Pictures with short captions
<<<<
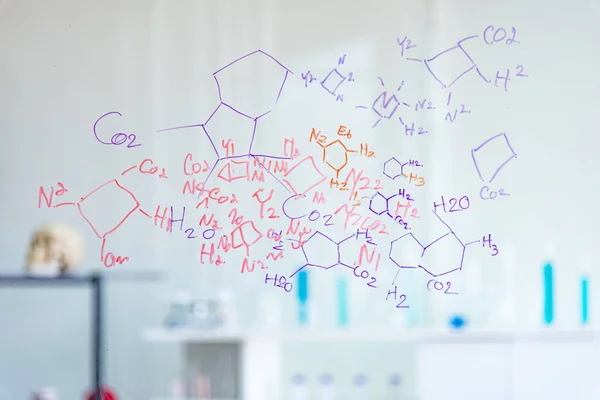 The scientists, chemists, discover the chemical formula write on whiteboard in laboratory. The researcher discover vaccine or drug for treatment patients infected COVID19.
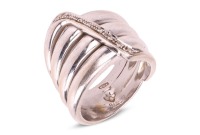 A diamond-set coil ring, by Maria Grazia Cassetti, centrally embellished with an applied zig-zag motif encrusted with diamond accents, white metal signed and bearing Italian assay marks '750' and registration marks, 1.5 cm wide, size Q, 19.7 grams.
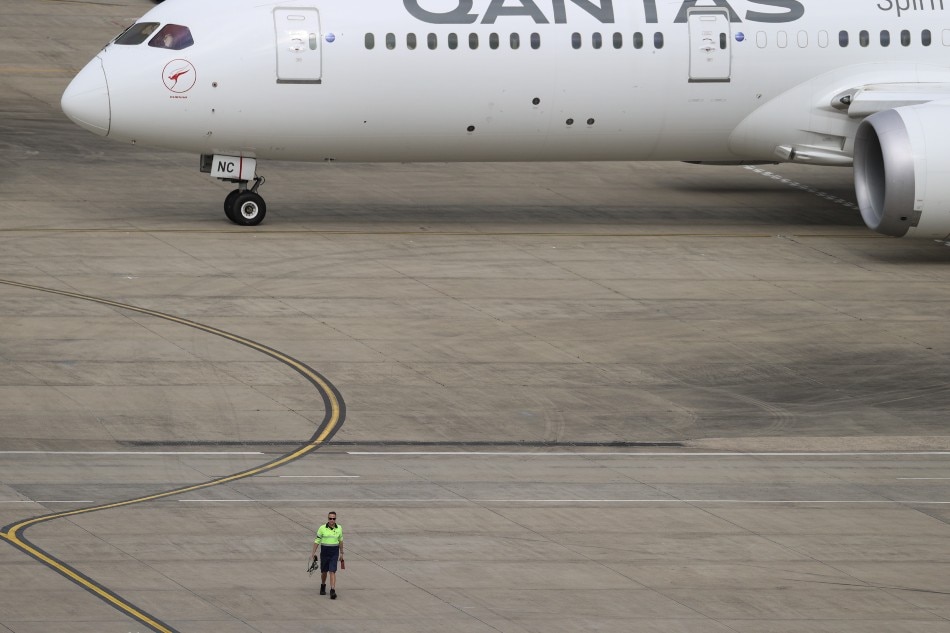 A ground worker walking near a Qantas plane is seen from the international terminal at Sydney Airport, as countries react to the new coronavirus Omicron variant amid the coronavirus disease (COVID-19) pandemic, in Sydney, Australia, on November 29, 2021. Loren Elliott, Reuters
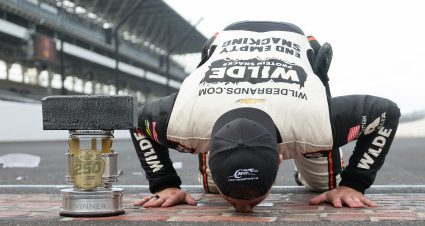 INDIANAPOLIS, INDIANA - JULY 25: Carson Kvapil, driver of the #1 Wilde Protein Crackers Chevrolet, kisses the yard of bricks after winning the NASCAR O'Reilly Auto Parts Series Pennzoil 250 Presented by Take 5 Oil Change at Indianapolis Motor Speedway on July 25, 2026 in Indianapolis, Indiana. (Photo by Logan Riely/Getty Images) | Getty Images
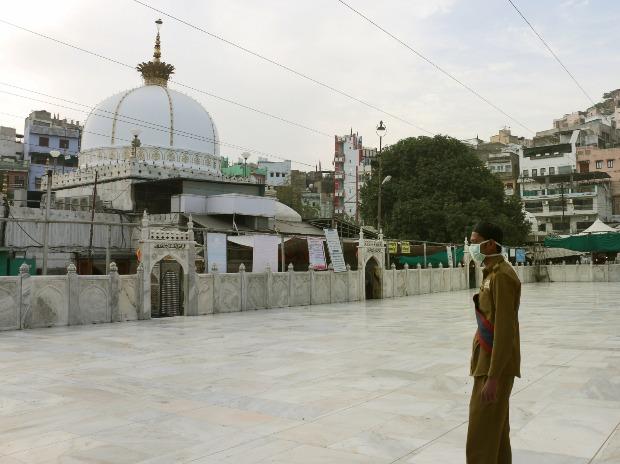 A man wearing a protective mask stands near the deserted Khwaja Moinuddin Chishti Dargah in the wake of coronavirus pandemic, in Ajmer A man wearing a protective mask stands near the deserted Khwaja Moinuddin Chishti Dargah in the wake of coronavirus pandemic, in Ajmer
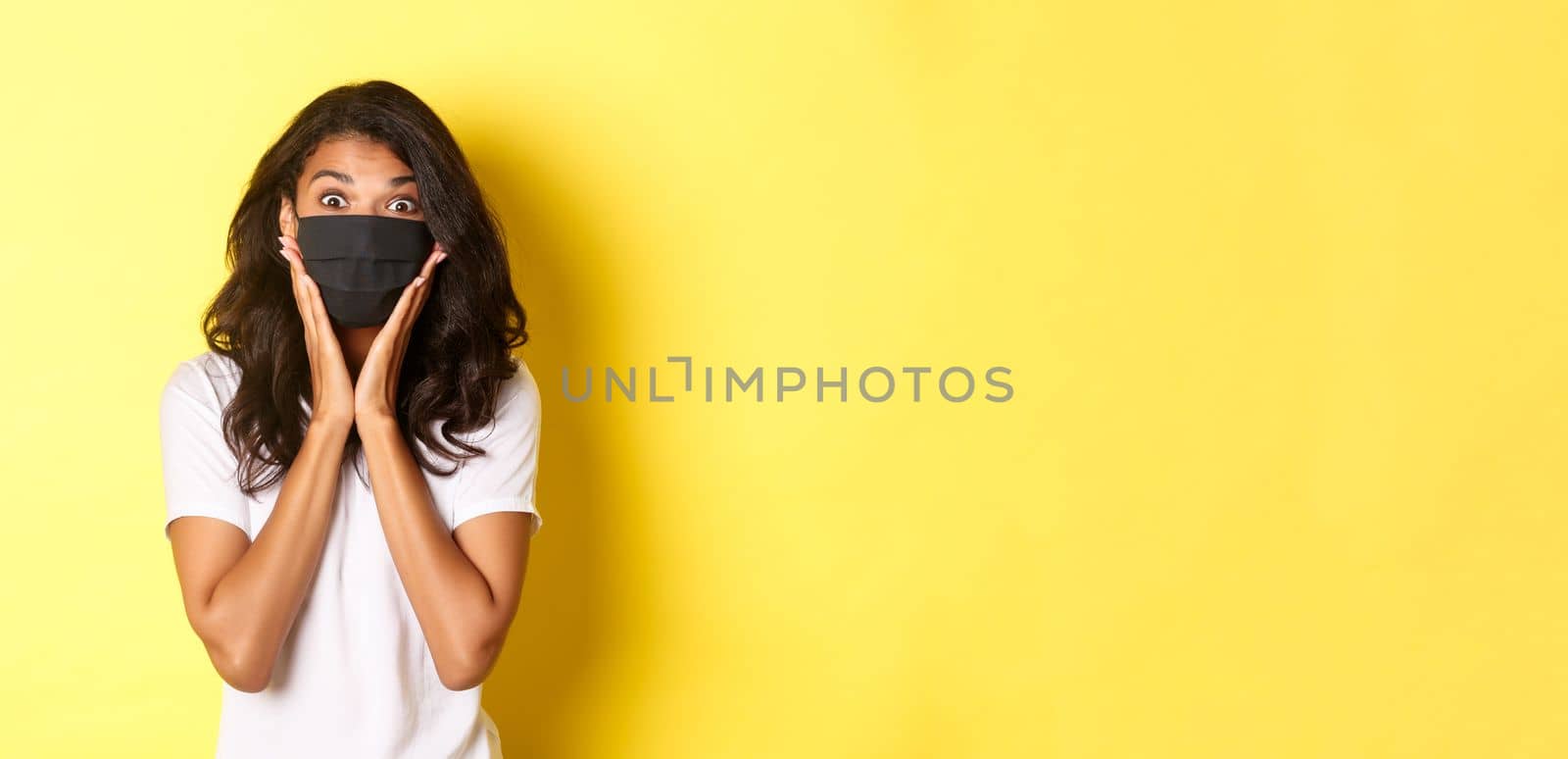 Concept of coronavirus, pandemic and lifestyle. Portrait of excited african-american woman in face mask, looking amazed at something cool, standing over yellow background by Benzoix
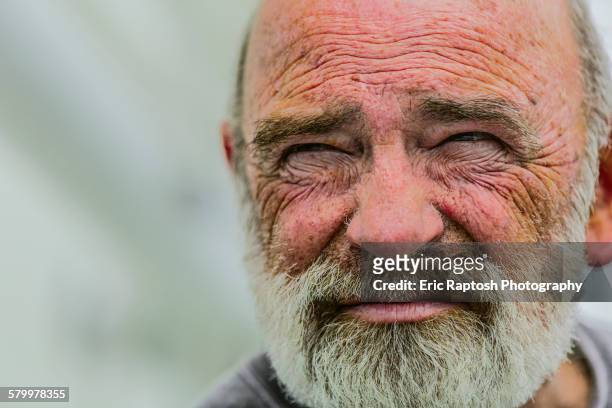 close up of wrinkled face of caucasian man - entrecerrar los ojos fotografías e imágenes de stock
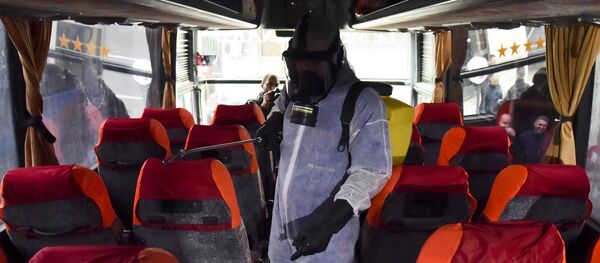 Un agent municipal désinfecte un bus contre le coronavirus à la station Kherrouba à Alger - Sputnik Afrique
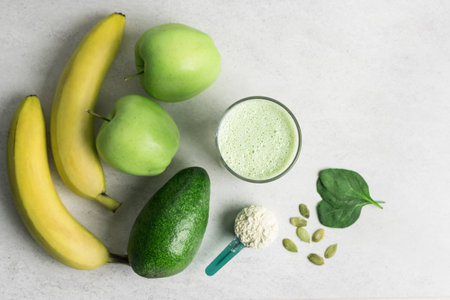 Green detox smoothie, blended vegetarian drink, protein milkshake in a glass from spinach, banana, apple, avocado and seeds on a table, healthy eating concept, top view.の写真素材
>>>>
WORK REQUEST: Reproduce word for word the lines running from the line with "close up of" through the end of the data, both included, and nothing else; leave out the pictures.

OUTPUT FOR THIS EXERCISE:
 close up of wrinkled face of caucasian man - entrecerrar los ojos fotografías e imágenes de stock
 Un agent municipal désinfecte un bus contre le coronavirus à la station Kherrouba à Alger - Sputnik Afrique
 Green detox smoothie, blended vegetarian drink, protein milkshake in a glass from spinach, banana, apple, avocado and seeds on a table, healthy eating concept, top view.の写真素材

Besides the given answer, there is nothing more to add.